Sustainable investing – the investment approach of ’doing well by doing good’ – is gaining ground in Asia, according to our first ever study on how the region’s affluent consumers feel about impact investing.
Our research reveals that affluent and high-net-worth investors in Singapore, Hong Kong, China and India plan to increase the proportion of sustainable investments in their portfolios to an average of 19 per cent in three years (from 17 per cent currently), with Chinese investors leading the way with an expected allocation of 23 per cent by 2021.
Yet despite this growing appetite, the findings indicate a significant knowledge gap among the respondents on what sustainable investing is. Despite a staggering 86 per cent of them saying they are currently engaged in sustainable investments, only 16 per cent can provide even a partially accurate definition, demonstrating that they have a limited understanding of what it entails and the returns and impact it can achieve.
Who are Asia’s sustainable investors?
70 per cent of respondents in our research are ‘value seekers’, essentially investors who do not have a broad knowledge of sustainable the investment approach, whose interest is profit-driven and who expect their sustainable investments returns to be higher than mainstream opportunities (see table below).
While millennials are typically associated with leading the charge in the sustainable investing trend in Asia, our study reveals that mature investors – those aged 34-49 (generation X) – are joining the cause. A group of respondents whom we call the ‘altruistic investor’ – primarily made up of generation X – are more willing to accept a financial trade-off between doing good and generating returns.
"Sustainable investing in Asia may be in its early days, but investor interest is clearly growing"
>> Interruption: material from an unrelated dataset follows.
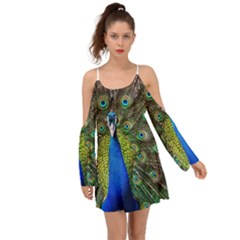 Peacock Bird Feathers Pheasant Nature Animal Texture Pattern Boho Dress by Bedest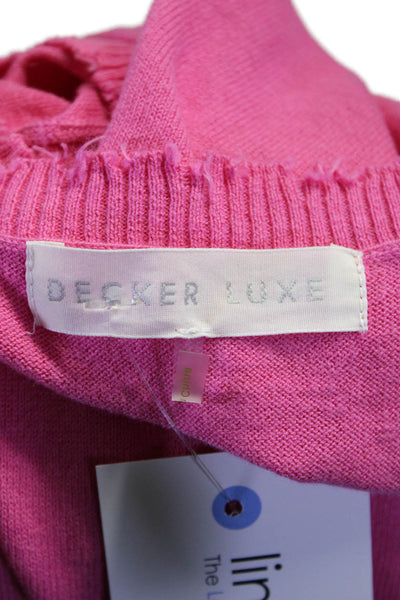 Decker & Luxe Round Neck Sleeveless Distress Ribbed Tank Pink Size S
Asia’s sustainable investors – who they are and what motivates them
|Type of investor||Demographic||Level of engagement||Motivations|
|Altruistic investor||Gen X (age 35-49), predominantly male||Understand and are engaged||
|Value seeker||Millennials (age 20-34), predominantly female||Engaged in but unable to correctly define||
|Unengaged||Boomers (age 50 and above)||Not currently engaged due to lack of information and perceived lower returns and high risk involved|
The main difference between the two generations of investors is that the millennials tend to be savvier in understanding that they do not always need to sacrifice their economic gains to make a positive impact.
“We believe that [this difference between generations of investors] will be a key differentiator in further developing the ecosystem, as well as moving sustainable investing into the mainstream,” says Vic Malik, our Head of Investment Advisory for Private Banking ASEAN & South Asia and Global South Asian Community.
What is sustainable investing?
Some call it impact investment, while others refer to it as socially responsible investing or values-based investing. So what exactly is sustainable investing?
“There are many faces to sustainable investing, depending on what an investor prefers to focus on when identifying an opportunity to pursue,” says Malik. “Broadly speaking, we define sustainable investment as investing capital in businesses, funds or other financial vehicles that actively seek to generate social and/or environmental benefits and financial returns,” he adds.
What’s next for sustainable investing in Asia?
“Sustainable investing in Asia may be in its early days, but investor interest is clearly growing,” says Malik.
Bridging the knowledge gap by educating investors on the available opportunities and the impact their investment dollars can have beyond financial gains, and how it doesn’t mean sacrificing investment returns, is the most pressing agenda, says Didier von Daeniken, our Global Head, Private Banking and Wealth Management. “Imagine being able to use your investment dollars to make a positive impact on society and the environment, while at the same time enjoy market-competitive returns.”